This photo shows complex machinery.
What GAO Found
Among the 11 agencies participating in the Small Business Innovation Research (SBIR) program, from fiscal years 2015 through 2018, 3 agencies awarded contracts and grants to small businesses majority-owned by multiple venture capital operating companies, hedge funds, or private equity firms (investment companies and funds). Specifically, the Department of Health and Human Services' National Institutes of Health (NIH), the Department of Energy's Advanced Research Projects Agency-Energy, and the Department of Education's Institute for Education Sciences made a total of 62 awards and obligated $43.6 million to such businesses during this period. This amount constituted between 0.1 percent and 2.7 percent of these agencies' obligations for the SBIR program each year.
NIH is the only agency that made awards to small businesses majority-owned by multiple investment companies and funds in all 4 fiscal years in GAO's review. Also during this period, the Department of Defense submitted a written determination to the Small Business Administration and certain Congressional committees as is required prior to making SBIR awards to such companies, but it did not make any such awards. The other seven agencies elected not to use the authority for various reasons. Officials from most of the agencies that elected not to use the authority told GAO they believe that opening their programs to small businesses with majority ownership by multiple investment companies and funds would not substantially contribute to the agencies' missions.
Why GAO Did This Study
To stimulate technological innovation, the Small Business Innovation Development Act of 1982 amended the Small Business Act to, among other things, call for the establishment of the SBIR program. Federal agencies with obligations of $100 million or more for extramural research or research and development--which is generally conducted by nonfederal employees outside of federal facilities--are required to establish an SBIR program. In fiscal year 2017, the 11 federal agencies that participate in the program awarded about 4,800 federal contracts and grants totaling nearly $2.3 billion to small businesses. The SBIR/STTR Reauthorization Act of 2011 amended the Small Business Act to authorize agencies to allow participation in their SBIR programs by small businesses that are owned in majority part by multiple investment companies and funds. Upon providing a written determination to the Administrator of the Small Business Administration (SBA)--the agency that oversees the SBIR program--and congressional committees specified in the act, agencies may make SBIR awards to such small businesses.
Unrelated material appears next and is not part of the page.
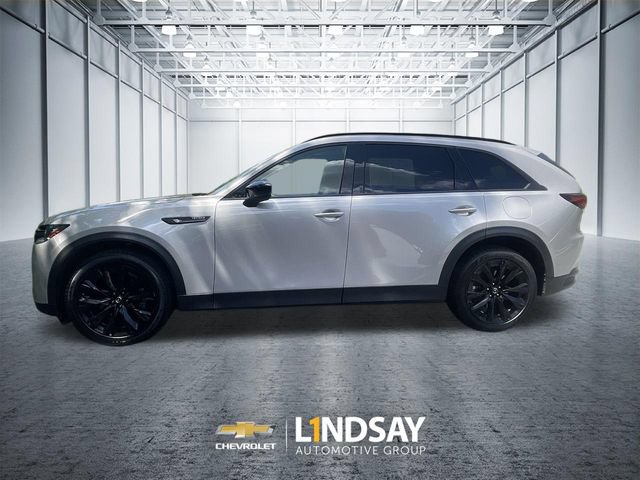 Used 2025 MAZDA CX-90 3.3 Turbo w/ Premium Sport Pkg AWD/4WD image 5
The Reauthorization Act also included a provision for GAO to conduct a study of the impact of requirements relating to involvement in the SBIR program by investment companies or funds and submit a report to Congress regarding the study every 3 years. This report updates GAO's previous work on this subject by examining, for fiscal years 2015 through 2018, agencies' use of the authority. GAO reviewed agencies' data on their use of the authority and found it reliable for its purposes. GAO also reviewed information in the SBIR program policy directive and conducted semi-structured interviews with program managers from the 11 participating agencies and SBA.
What GAO Recommends
GAO is not making any recommendations. GAO provided a draft of this report to the 11 agencies that participate in the SBIR program and SBA. The agencies stated that they had no comments.